There are many alternatives to the traditional dahl, so I will provide just one example. Take 1.5 cups of dried red lentils and add to a deep pot. Add enough water to cover them and bring to a boil. Once boiled, reduce heat to a simmer, cover and allow to cook for approx. 20 minutes or until the lentils are tender and have a creamy consistency. Whilst the lentils are cooking, heat another pan and brown 1 diced onion. Add 2 small diced tomatoes, 1/2 knob of grated ginger and approx. 1/2 teaspoon turmeric. Cook all until soft. Stir in around 6 cups loosely packed mixed greens (e.g. silverbeet, spinach, beetroot leaves, kale…) and let them wilt. Add the contents of the pan to the lentil mix and stir well. Season to taste. Heat some whole cumin seeds with a clove of garlic in a small amount of oil and allow them to cook for around 30 seconds or until the cumin starts to sizzle. Add this to the dahl mixture, cover and let infuse for 5-10 minutes. Once ready, enjoy with some fresh and hot roti, rice and raita.
Crisper-cleanout lentil soup
This is one my favourite ways to clear out those floppy crisper veggies. Basically, dice up all your old veggies and add to a pot with some olive oil, garlic, herbs and spices. Sauté until soft. Pour in enough water or stock to fill the pot. You can choose to add in a drained and rinsed tin of lentils or some dried lentils (e.g. split red lentils), which work well if you have the time. If you want to make a more italian version, add 1-2 tins of diced tomatoes (depending on the size of your pot) and some tomato paste when sautéing the veggies. I then like to add some greens at the end such as kale, silverbeet or english spinach. This is a super fast, nourishing meal that can be enjoyed by the whole family!

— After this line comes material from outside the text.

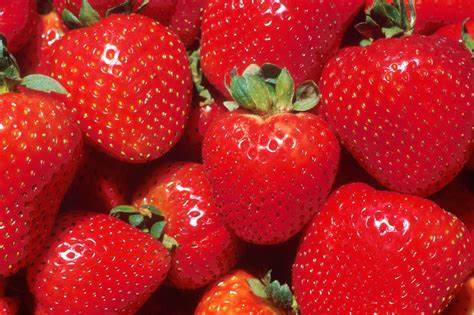  Sweet and Nutritious: The Heart-Healthy Benefits of Strawberries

Next time you’re feeling in the mood for a hummus, why don’t you branch out and substitute your run of the mill chickpeas for lentils! Lentil dip, likes hummus, is another highly nutritious, super filling and protein-rich option. Throw a rinsed, drained tin of lentils in your blender along with some tahini, fresh lemon juice, crushed garlic cloves, a little olive oil and some herbs/spices.